Да-а… Сид Сойер — это отдельная песня. Пытался торговать табаком, и через год прогорел. Все удивлялись, как он ухитрился, а вот он как-то сумел, причем, как раз, когда цены на табак ползли вверх. Трое из Санкт-Петербурга сделали себе на табаке состояния в этот год. Том пытался пристроить его к себе… на пароходе его укачивает. Так и сидит в сплавной конторе, выписывает бумажки. На штанах заплатка, пиджак засаленный, голова вечно немытая, побрит неровно, вечно норовит стрельнуть полдоллара… Говорят, сердобольная вдова Дуглас его время от времени кормила.
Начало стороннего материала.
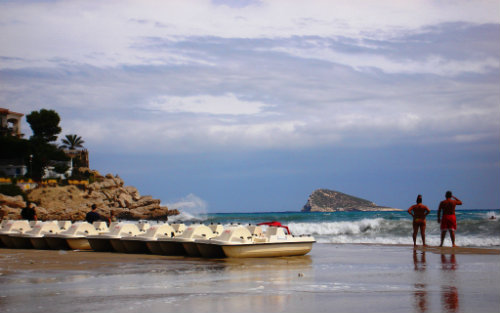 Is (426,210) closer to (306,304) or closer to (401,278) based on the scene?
(401,278)

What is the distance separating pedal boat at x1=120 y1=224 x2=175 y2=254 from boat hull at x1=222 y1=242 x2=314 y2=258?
3.56 metres

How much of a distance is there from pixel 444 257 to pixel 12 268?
12662 millimetres

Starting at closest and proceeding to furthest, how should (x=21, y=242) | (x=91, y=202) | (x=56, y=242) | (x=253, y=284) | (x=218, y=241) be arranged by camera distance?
1. (x=253, y=284)
2. (x=218, y=241)
3. (x=56, y=242)
4. (x=21, y=242)
5. (x=91, y=202)

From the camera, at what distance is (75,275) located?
15.2m

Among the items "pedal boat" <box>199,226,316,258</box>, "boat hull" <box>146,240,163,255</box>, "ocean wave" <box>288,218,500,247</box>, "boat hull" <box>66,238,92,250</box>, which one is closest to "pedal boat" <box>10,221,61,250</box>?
"boat hull" <box>66,238,92,250</box>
— Гек, он у тебя тоже занимал?
— А как же! Тогда мы взяли лавку Уоттера… Деньги были…
— Ага, тот самый предмет, которого сразу и нет. Который как появится, так черт те его знает, куда уходит…
— Ну да. Я как посмотрел на луковую физиономию твоего братца, рука сама полезла в карман.
— Поживи как он, физиономия еще не такая станет.
— Не… нет, Том, тут ты не прав! У него не луковая физиономия от жизни, а жизнь — от физиономии…Ты с такой походи, а я посмотрю, как ты будешь после этого жить.
И невозможно не смеяться, потому что он прав, старый друг. Невозможно не смеяться, когда вспоминается Сид Сойер, и во что он превратился в тридцать пять лет. Почему у него нос вечно свёрнут на сторону, и под ним — непросыхающая капля? Почему глаза вечно слезятся, а под ногтями — многодневный траур? Почему у Сида никогда не хватает сил, чтобы вообще хоть что-нибудь хорошо делать?
Ранняя плешь, ногами шаркает хуже тети Полли, которой за шестьдесят, а такой кожи нет даже у старика Тэтчера. Этот-то ездит верхом и увязался с внуками ловить диких кошек, когда приезжал последний раз.
Вот вспомнишь Сида — и оценишь, как хорошо сидеть со стариной Геком, дуть кукурузный самогон. Да, ухмыляется, да, опухший, да небритый, да, воняет, да, рожа такая, что днем наглядишься, ночью забоишься. Но он не такой… он…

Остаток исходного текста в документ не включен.